──────── THE RECORDS ────────

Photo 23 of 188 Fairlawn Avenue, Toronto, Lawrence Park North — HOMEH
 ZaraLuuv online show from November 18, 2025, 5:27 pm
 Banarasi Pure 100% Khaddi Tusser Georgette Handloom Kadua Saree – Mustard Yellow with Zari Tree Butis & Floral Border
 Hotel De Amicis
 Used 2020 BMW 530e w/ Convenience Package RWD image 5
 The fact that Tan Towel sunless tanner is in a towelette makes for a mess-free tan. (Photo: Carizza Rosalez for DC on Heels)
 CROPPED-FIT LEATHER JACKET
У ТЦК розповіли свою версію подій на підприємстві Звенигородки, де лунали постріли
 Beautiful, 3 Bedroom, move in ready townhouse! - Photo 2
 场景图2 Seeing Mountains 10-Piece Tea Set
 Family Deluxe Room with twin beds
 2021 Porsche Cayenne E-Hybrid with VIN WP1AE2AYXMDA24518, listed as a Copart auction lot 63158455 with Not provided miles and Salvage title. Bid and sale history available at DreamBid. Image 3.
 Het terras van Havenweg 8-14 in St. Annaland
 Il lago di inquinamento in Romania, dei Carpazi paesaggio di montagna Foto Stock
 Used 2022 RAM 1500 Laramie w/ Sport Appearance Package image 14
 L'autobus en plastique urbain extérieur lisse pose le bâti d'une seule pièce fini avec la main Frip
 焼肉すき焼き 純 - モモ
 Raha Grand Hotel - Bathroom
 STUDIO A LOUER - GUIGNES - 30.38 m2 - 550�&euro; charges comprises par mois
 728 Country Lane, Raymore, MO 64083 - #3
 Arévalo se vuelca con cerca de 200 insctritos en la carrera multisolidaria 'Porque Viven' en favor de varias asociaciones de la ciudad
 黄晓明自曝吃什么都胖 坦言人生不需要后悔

────────

• **WORK ITEM**
Starting at the first line of the data above, retype each line exactly until you reach the line containing "Family Deluxe Room with twin beds", and include that line too.

• **ANSWER SPACE**
Photo 23 of 188 Fairlawn Avenue, Toronto, Lawrence Park North — HOMEH
 ZaraLuuv online show from November 18, 2025, 5:27 pm
 Banarasi Pure 100% Khaddi Tusser Georgette Handloom Kadua Saree – Mustard Yellow with Zari Tree Butis & Floral Border
 Hotel De Amicis
 Used 2020 BMW 530e w/ Convenience Package RWD image 5
 The fact that Tan Towel sunless tanner is in a towelette makes for a mess-free tan. (Photo: Carizza Rosalez for DC on Heels)
 CROPPED-FIT LEATHER JACKET
У ТЦК розповіли свою версію подій на підприємстві Звенигородки, де лунали постріли
 Beautiful, 3 Bedroom, move in ready townhouse! - Photo 2
 场景图2 Seeing Mountains 10-Piece Tea Set
 Family Deluxe Room with twin beds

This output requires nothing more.